[DATA BLOCK Boundary: Start]
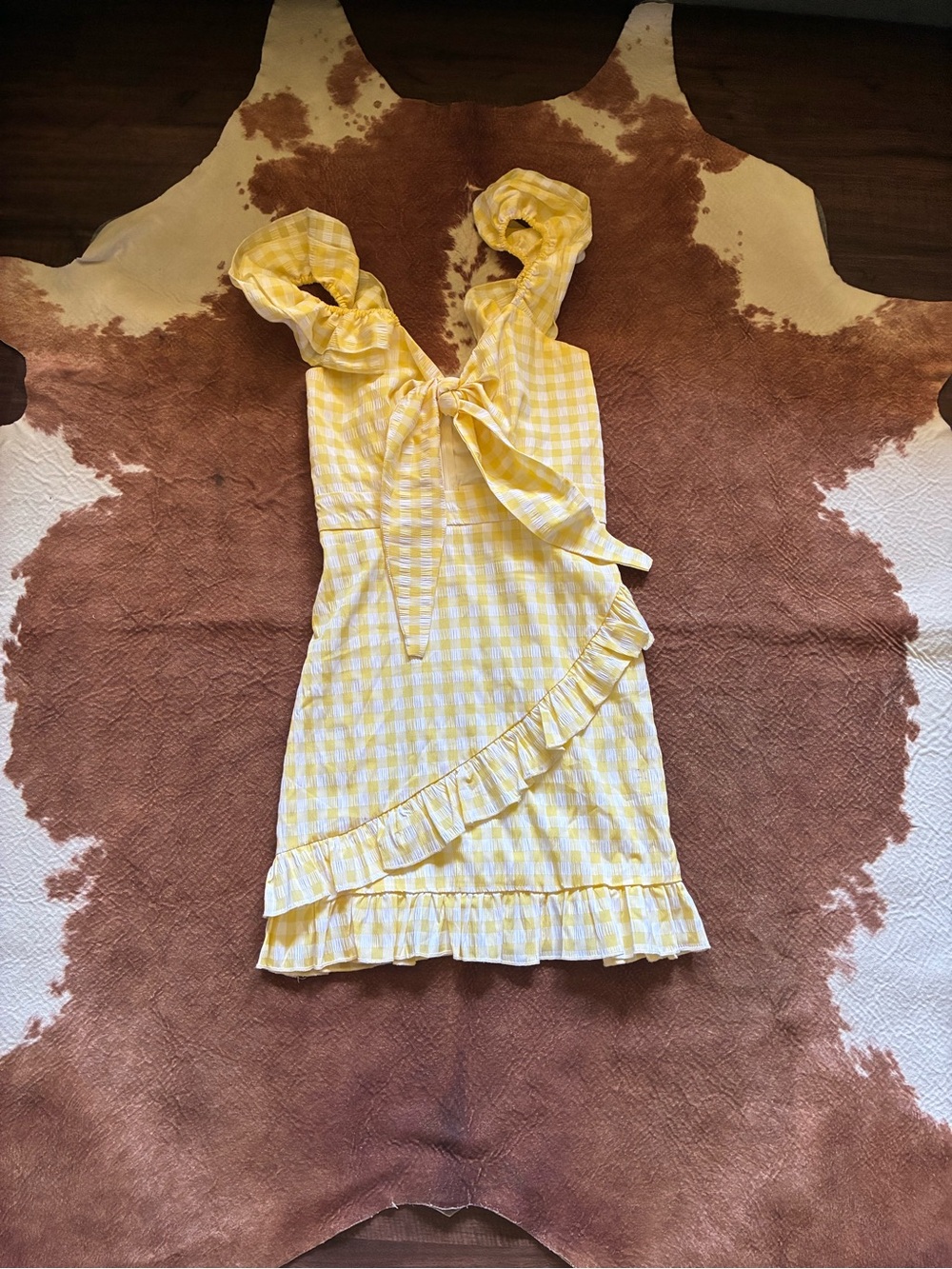 Yellow Gingham Ruffle Mini Dress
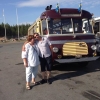 Finbesök på VIP Jära idag. Sveriges första turistbuss som gick ner till Europa. Nu renoverad och på väg till Dalarna med Kerstin o Anders  Mennerholm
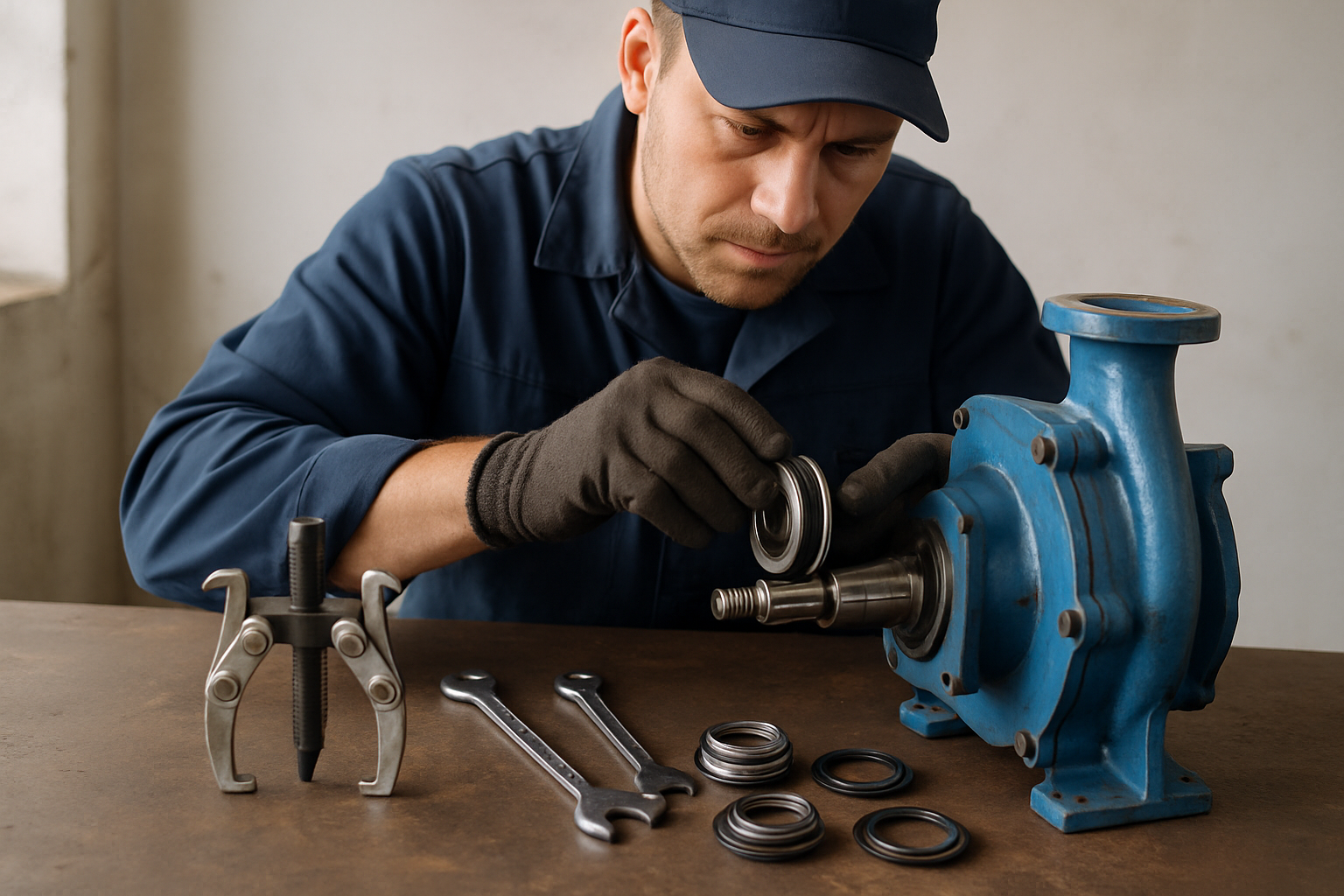 Montaj simering la o pompa de irigatii - garnituri pompe irigatii montate corect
[DATA BLOCK Boundary: End]
Where the line holding "Finbesök på VIP" appears, start copying, and continue exactly through the last line of the listing, both ends included, skipping the pictures.

 Finbesök på VIP Jära idag. Sveriges första turistbuss som gick ner till Europa. Nu renoverad och på väg till Dalarna med Kerstin o Anders  Mennerholm
 Montaj simering la o pompa de irigatii - garnituri pompe irigatii montate corect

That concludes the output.